(Work order) For the records below, output each line exactly as it appears, from the first through the line with "WORD SÁNG KIẾN".

[Stored items from a collection]
★ ★ ★ ★

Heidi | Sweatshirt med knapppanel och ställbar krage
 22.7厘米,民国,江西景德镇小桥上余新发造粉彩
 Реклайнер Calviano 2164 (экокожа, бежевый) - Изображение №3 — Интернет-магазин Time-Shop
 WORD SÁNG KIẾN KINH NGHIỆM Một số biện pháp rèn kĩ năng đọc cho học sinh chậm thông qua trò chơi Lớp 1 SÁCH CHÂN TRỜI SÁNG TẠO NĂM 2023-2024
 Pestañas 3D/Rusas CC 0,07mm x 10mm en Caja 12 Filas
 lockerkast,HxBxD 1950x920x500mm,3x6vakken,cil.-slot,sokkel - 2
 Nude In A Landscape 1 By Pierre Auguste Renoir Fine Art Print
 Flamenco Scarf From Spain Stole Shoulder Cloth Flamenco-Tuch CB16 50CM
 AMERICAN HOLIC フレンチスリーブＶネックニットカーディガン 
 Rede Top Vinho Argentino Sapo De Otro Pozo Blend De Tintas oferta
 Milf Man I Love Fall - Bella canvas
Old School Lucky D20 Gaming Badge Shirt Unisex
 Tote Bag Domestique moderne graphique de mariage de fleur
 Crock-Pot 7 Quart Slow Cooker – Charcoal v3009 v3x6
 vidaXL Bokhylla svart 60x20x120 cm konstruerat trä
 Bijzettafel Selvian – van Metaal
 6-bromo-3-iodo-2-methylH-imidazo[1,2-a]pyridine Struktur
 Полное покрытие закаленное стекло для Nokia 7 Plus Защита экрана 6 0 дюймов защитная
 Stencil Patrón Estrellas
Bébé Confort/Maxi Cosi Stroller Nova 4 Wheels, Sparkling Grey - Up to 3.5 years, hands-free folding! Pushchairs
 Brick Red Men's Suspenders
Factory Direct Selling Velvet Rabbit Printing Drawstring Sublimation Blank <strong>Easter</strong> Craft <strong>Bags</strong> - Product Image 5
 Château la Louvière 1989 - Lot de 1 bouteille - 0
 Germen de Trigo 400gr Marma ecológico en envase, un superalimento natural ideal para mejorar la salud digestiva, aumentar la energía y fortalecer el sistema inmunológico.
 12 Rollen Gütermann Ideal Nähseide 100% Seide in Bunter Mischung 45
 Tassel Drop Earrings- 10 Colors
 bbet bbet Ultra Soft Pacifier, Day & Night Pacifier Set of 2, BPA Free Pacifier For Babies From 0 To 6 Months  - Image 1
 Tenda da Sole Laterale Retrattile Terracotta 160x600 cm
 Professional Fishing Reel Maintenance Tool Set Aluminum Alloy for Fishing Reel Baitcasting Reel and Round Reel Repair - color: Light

★ ★ ★ ★

(Worked solution)
Heidi | Sweatshirt med knapppanel och ställbar krage
 22.7厘米,民国,江西景德镇小桥上余新发造粉彩
 Реклайнер Calviano 2164 (экокожа, бежевый) - Изображение №3 — Интернет-магазин Time-Shop
 WORD SÁNG KIẾN KINH NGHIỆM Một số biện pháp rèn kĩ năng đọc cho học sinh chậm thông qua trò chơi Lớp 1 SÁCH CHÂN TRỜI SÁNG TẠO NĂM 2023-2024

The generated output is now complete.